J. Judd Owen might have found a better title to convey the interest and significance of his book. His topic is postmodern or “antifoundationalist” political theory in its dual guise as promise and threat. Anti-foundationalism, identified by Owen as a variant of historicism, is seen by some as a threat, both to political philosophy and to political life itself, because of its claim that “objective truth,” universal and timeless, is not available to human beings. “Foundationalism is the attempt to move beyond the world of inherited opinion and mere appearance to the ‘true world.'” But, say the postmoderns, there is no “true world,” there is no vantage point outside time from which to gain access to timeless truths. Anti-foundationalism seems to leave us only with some form of relativism; but, paradoxically, it is also seen by many to hold great promise for furthering religious agendas.

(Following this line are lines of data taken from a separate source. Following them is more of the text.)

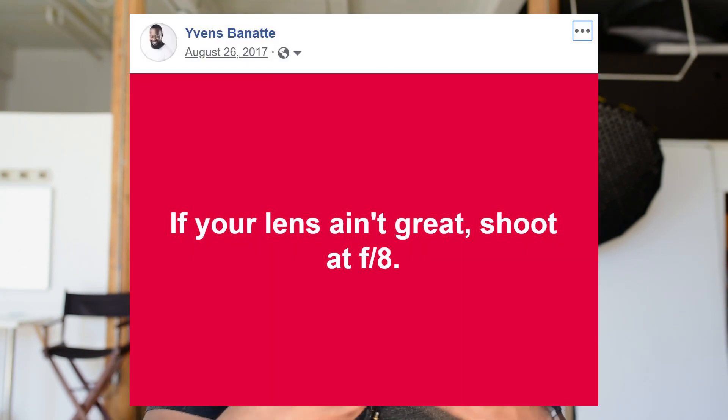The F8 challenge comes from a thing I keep saying as a joke: if your lens ain't great, you can use F8. Any lens you might have — it could be a crappy kit lens that came with your camera, like an 18-105 or 14-24 or whatever — at lower apertures it is not the sharpest, but at higher apertures, F8 or more, you can get a decent shot with anything you have.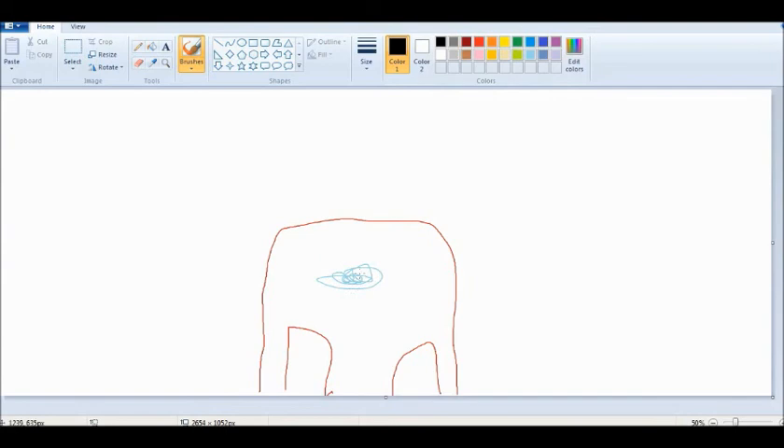Boom. Boom. Boom. Now I gotta draw Iron Man's head. This actually looks pretty scary.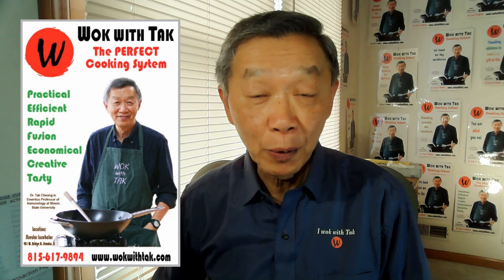Oh hello, this is Tak Chung from Wok with Tak. My YouTube channel is to promote home cooking that is efficient, fun and healthy.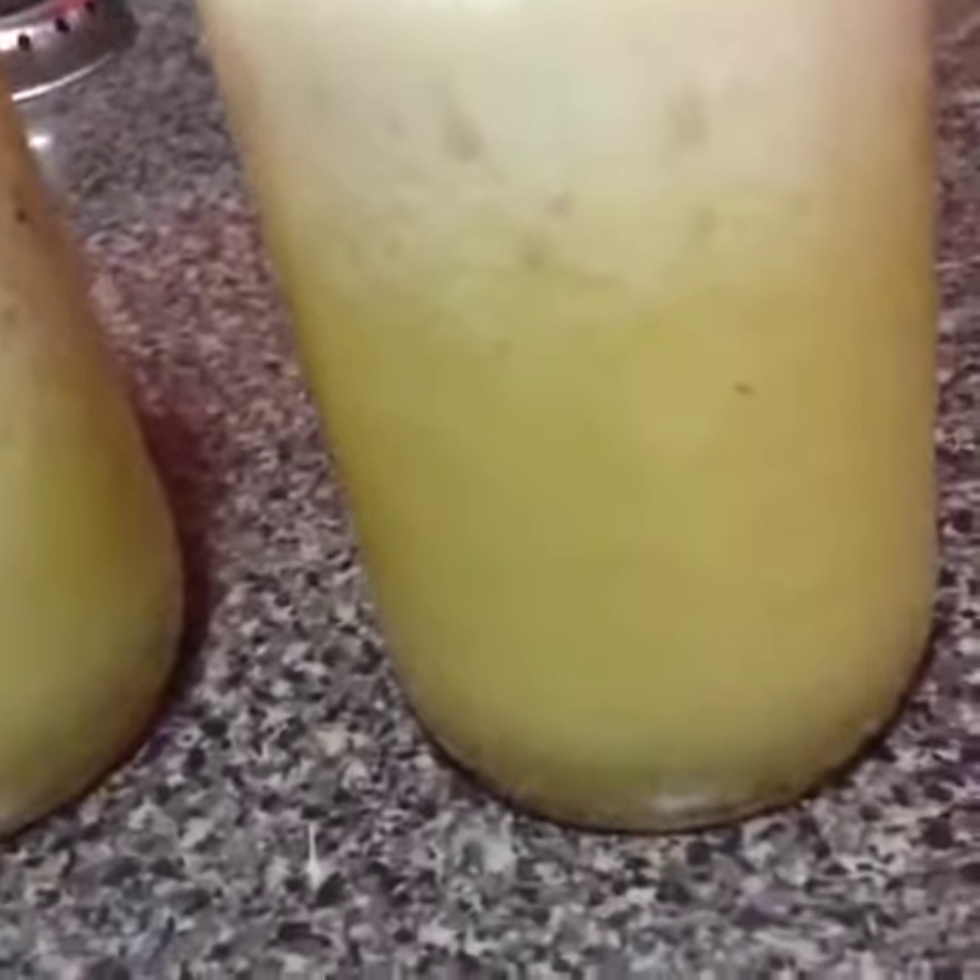I let my daughter taste some and she said she hated it. But anyway, she drank it because I said, if you don't finish the little bit I gave you, you get no snacks. You gotta keep kids in line.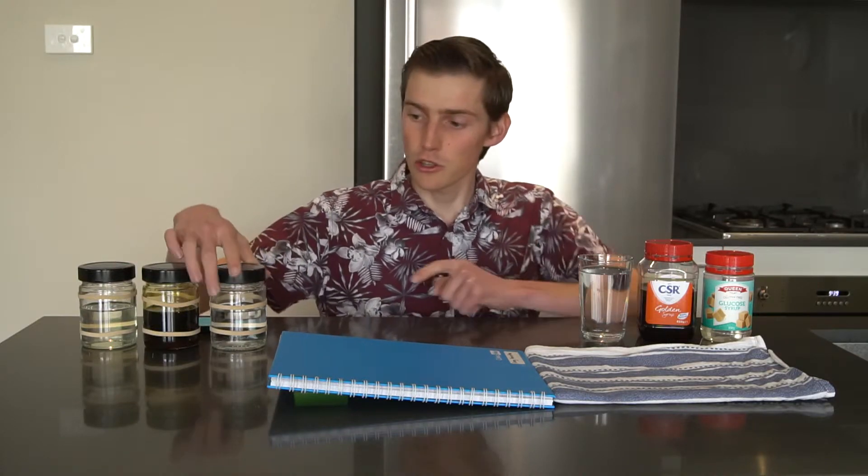You might notice too that I've added a couple of rubber bands to each of these jars. I'm interested in investigating how they roll down the slope, and these rubber bands will give it some extra grip to make sure it doesn't slide instead.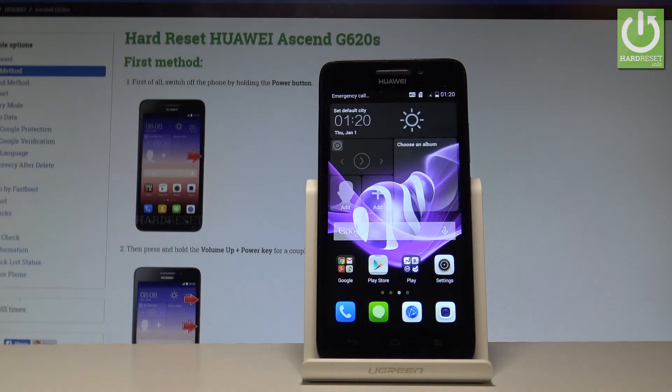Here I have the Huawei Ascend G620S, and let me show you how to accomplish the hard reset operation on that device by using the settings of the smartphone.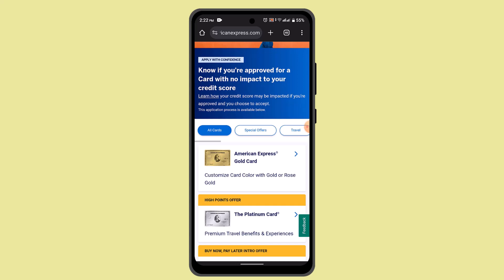Once logged in, navigate to the account section, overview, or account summary section within the app. Then you'll be able to see the current balance — the card balance should be visible on the screen. That's how you can check your American Express card balance.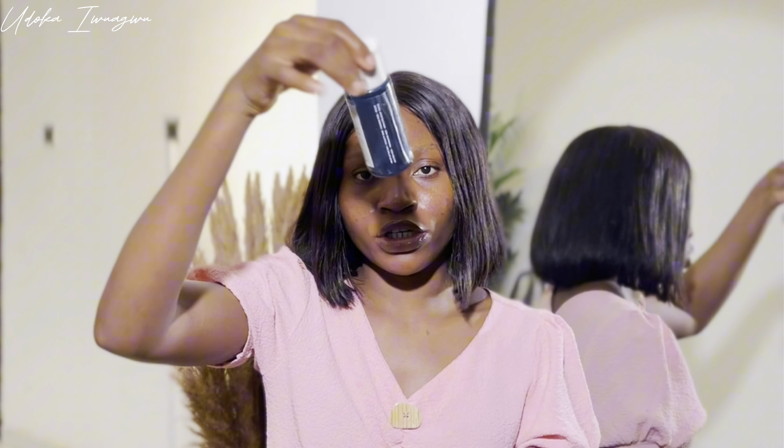Let me demonstrate how I use this. I'm almost running out of this particular salicylic acid, which means I might be replacing it — and this is the best time to make a review. I'm going to take a decent amount on my palm. Mind you, I literally have nothing on my skin except that I washed my face — my face is still dry — and I'm applying this on dry skin. Unlike some other salicylic acids that dry your skin, this particular one does not dry your skin. It leaves you with a beautiful, hydrated feeling; it just sinks in beautifully.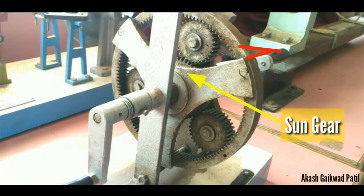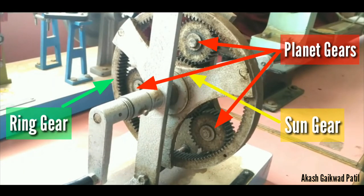There are three gears: sun gear, planet gear, and ring gear.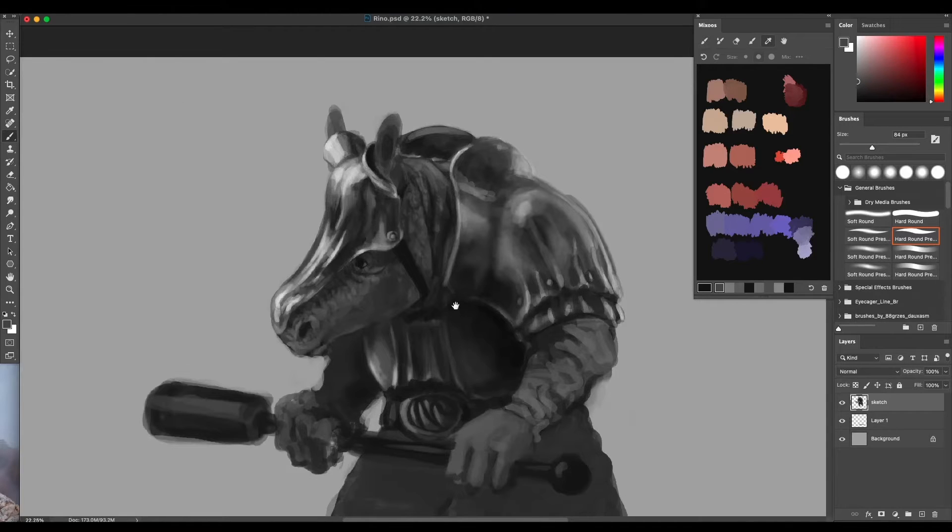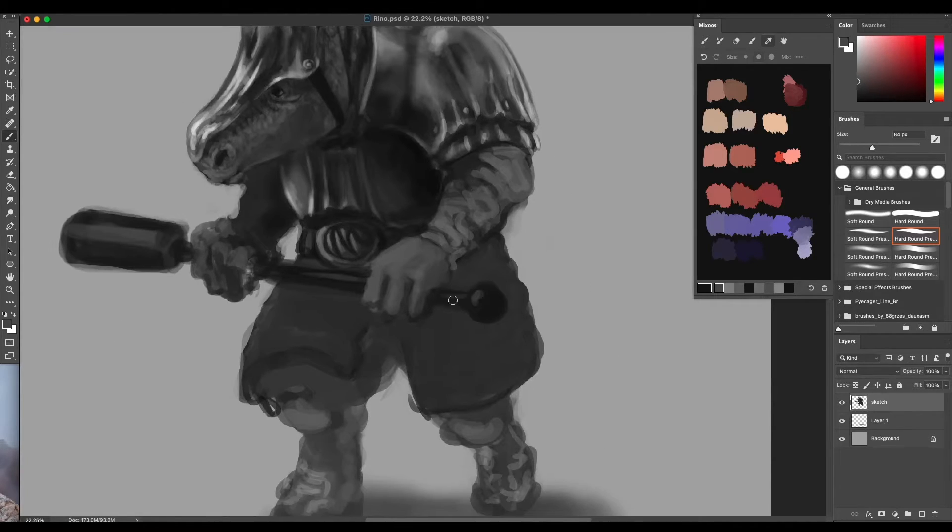In one of my past videos we were discussing the gambeson, and how tricky it can be to render, and how much I love gambesons and their aesthetics. It could be tricky to render in this regard, but we're going to give it a go, we're going to do it.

By clipping reason’s wings, anti-foundationalism appears to open the way for reasserting the dignity and claims of non-rational religion. Owen cites Notre Dame historian George Marsden, who declares that in the light of postmodernism “there seems no intellectually valid reason to exclude religiously-based perspectives.” The promise of anti-foundationalism, then, derives from knocking off that big bully rationalism, by showing that it has no more foundation than any other worldview, and by proving that reason requires as great a leap of faith as revelation or papal authority. With rationalism on the mat, religious believers, those hitherto slightly embarrassed victims of the Enlightenment, can hold their heads high and win back a place for themselves in the public square.  Owen concludes that both this threat and this promise are overblown. He does not find anti-foundationalism to be so good for religion as the partisans of religion hope, and he does not find that the anti-foundationalists have made good their critique of liberal rationalism. “It has not been shown by our leading critics of ‘foundationalism’ that rationally addressing the questions that are fundamental for human beings is impossible, however herculean a task it surely is.” Among other difficulties with their critique, the anti-foundationalists do not understand rationalism correctly; what they “describe as foundationalism [is] a caricature that in fact has more in common with their own theoretical stances than with genuine rationalism.” Thus Owen claims to present a “limited defense of liberal rationalism.” It is a defense in that it is a hard-hitting critique of a critique. It is limited in that Owen goes only a very little way toward exploring or providing the foundations that anti-foundationalism claims cannot be provided.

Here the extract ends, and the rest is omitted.